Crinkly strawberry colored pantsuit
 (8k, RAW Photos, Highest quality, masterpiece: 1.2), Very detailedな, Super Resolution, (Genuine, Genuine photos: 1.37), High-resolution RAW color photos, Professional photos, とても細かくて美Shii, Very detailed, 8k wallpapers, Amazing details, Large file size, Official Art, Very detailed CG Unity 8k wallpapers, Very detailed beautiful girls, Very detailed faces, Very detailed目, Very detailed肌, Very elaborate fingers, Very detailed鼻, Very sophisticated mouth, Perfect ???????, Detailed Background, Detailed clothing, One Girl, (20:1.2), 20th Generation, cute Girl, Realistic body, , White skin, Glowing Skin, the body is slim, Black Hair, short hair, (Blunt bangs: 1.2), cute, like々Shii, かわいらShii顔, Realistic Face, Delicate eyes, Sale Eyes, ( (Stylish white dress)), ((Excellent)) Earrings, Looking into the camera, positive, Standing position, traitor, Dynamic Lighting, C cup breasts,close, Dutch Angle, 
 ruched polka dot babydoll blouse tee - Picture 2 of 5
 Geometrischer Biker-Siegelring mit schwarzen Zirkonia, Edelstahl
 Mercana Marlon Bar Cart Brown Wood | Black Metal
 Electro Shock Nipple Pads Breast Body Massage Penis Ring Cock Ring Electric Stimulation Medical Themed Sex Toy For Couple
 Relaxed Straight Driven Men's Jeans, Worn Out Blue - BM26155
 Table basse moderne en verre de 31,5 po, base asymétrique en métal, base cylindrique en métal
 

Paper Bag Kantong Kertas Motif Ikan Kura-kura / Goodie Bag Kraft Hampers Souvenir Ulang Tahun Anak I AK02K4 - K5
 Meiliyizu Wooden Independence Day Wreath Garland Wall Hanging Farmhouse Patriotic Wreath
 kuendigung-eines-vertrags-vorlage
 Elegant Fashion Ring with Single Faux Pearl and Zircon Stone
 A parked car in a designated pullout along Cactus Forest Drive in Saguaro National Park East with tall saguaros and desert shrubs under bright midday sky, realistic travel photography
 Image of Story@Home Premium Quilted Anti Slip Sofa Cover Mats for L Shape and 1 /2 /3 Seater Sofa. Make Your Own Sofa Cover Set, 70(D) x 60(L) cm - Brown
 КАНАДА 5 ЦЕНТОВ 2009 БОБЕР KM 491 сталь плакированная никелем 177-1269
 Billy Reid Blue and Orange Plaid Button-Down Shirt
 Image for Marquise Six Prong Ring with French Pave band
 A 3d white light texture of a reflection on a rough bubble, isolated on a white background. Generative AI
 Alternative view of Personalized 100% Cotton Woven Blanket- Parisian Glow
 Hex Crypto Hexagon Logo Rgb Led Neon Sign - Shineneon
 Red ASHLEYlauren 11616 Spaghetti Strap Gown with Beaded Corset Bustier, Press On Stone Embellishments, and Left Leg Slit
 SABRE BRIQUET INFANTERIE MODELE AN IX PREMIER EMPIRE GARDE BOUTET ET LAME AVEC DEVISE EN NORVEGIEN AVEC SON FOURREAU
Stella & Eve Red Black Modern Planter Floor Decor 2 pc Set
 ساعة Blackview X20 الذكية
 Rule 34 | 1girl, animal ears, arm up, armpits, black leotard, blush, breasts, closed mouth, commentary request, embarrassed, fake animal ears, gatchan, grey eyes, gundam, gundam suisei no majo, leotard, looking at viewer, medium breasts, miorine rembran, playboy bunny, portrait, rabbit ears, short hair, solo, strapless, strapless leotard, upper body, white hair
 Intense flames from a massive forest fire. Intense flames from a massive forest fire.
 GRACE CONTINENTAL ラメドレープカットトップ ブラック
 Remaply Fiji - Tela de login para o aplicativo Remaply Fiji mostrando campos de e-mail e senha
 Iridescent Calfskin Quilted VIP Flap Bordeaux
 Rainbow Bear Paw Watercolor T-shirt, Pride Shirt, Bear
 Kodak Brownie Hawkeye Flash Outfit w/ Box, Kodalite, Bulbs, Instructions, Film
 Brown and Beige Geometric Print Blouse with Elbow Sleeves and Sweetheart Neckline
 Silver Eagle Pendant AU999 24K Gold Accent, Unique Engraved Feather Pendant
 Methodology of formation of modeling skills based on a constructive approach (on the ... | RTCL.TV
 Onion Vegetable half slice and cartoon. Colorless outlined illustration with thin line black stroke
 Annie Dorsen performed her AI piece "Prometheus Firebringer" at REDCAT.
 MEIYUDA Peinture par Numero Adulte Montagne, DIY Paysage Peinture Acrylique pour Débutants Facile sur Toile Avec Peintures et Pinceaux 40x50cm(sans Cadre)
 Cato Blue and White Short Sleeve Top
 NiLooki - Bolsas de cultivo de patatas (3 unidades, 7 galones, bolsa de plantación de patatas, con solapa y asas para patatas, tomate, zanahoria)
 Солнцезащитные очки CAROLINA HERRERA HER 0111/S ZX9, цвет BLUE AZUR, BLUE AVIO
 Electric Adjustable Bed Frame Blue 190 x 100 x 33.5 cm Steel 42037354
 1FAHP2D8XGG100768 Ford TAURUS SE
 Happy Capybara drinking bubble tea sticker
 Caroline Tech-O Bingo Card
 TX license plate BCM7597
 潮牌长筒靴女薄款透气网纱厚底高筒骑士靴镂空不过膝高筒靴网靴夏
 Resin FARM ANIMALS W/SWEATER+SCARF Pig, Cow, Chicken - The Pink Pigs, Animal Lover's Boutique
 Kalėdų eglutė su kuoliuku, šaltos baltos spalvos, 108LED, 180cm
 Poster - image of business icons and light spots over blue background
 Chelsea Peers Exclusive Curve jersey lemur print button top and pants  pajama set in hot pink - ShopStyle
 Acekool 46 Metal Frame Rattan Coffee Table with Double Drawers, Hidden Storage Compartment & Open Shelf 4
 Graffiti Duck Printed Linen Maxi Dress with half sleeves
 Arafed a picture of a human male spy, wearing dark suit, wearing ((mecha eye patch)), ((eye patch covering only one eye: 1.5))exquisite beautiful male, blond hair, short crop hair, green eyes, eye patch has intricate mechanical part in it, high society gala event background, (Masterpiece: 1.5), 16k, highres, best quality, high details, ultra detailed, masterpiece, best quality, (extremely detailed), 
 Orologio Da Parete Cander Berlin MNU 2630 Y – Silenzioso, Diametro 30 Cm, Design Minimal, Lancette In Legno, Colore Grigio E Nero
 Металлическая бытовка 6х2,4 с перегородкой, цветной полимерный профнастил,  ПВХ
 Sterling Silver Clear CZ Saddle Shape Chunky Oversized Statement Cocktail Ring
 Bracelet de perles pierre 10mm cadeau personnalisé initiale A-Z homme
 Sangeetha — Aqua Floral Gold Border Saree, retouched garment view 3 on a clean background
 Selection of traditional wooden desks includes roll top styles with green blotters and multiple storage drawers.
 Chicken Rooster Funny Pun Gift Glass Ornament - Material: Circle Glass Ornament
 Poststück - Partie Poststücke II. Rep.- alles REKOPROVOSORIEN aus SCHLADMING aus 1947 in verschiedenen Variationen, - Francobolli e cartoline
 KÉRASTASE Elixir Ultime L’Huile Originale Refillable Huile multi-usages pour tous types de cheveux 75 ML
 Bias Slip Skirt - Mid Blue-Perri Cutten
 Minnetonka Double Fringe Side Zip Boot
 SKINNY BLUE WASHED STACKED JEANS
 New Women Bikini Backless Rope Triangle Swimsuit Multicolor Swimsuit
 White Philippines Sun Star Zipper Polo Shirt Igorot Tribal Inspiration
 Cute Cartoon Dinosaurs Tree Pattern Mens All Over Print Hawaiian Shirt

•••••

### Task to complete
Set down exactly the lines from the opening line of the material through the line in which "kuendigung-eines-vertrags-vorlage" occurs, both included, and no other lines.

### Finished task
Crinkly strawberry colored pantsuit
 (8k, RAW Photos, Highest quality, masterpiece: 1.2), Very detailedな, Super Resolution, (Genuine, Genuine photos: 1.37), High-resolution RAW color photos, Professional photos, とても細かくて美Shii, Very detailed, 8k wallpapers, Amazing details, Large file size, Official Art, Very detailed CG Unity 8k wallpapers, Very detailed beautiful girls, Very detailed faces, Very detailed目, Very detailed肌, Very elaborate fingers, Very detailed鼻, Very sophisticated mouth, Perfect ???????, Detailed Background, Detailed clothing, One Girl, (20:1.2), 20th Generation, cute Girl, Realistic body, , White skin, Glowing Skin, the body is slim, Black Hair, short hair, (Blunt bangs: 1.2), cute, like々Shii, かわいらShii顔, Realistic Face, Delicate eyes, Sale Eyes, ( (Stylish white dress)), ((Excellent)) Earrings, Looking into the camera, positive, Standing position, traitor, Dynamic Lighting, C cup breasts,close, Dutch Angle, 
 ruched polka dot babydoll blouse tee - Picture 2 of 5
 Geometrischer Biker-Siegelring mit schwarzen Zirkonia, Edelstahl
 Mercana Marlon Bar Cart Brown Wood | Black Metal
 Electro Shock Nipple Pads Breast Body Massage Penis Ring Cock Ring Electric Stimulation Medical Themed Sex Toy For Couple
 Relaxed Straight Driven Men's Jeans, Worn Out Blue - BM26155
 Table basse moderne en verre de 31,5 po, base asymétrique en métal, base cylindrique en métal
 

Paper Bag Kantong Kertas Motif Ikan Kura-kura / Goodie Bag Kraft Hampers Souvenir Ulang Tahun Anak I AK02K4 - K5
 Meiliyizu Wooden Independence Day Wreath Garland Wall Hanging Farmhouse Patriotic Wreath
 kuendigung-eines-vertrags-vorlage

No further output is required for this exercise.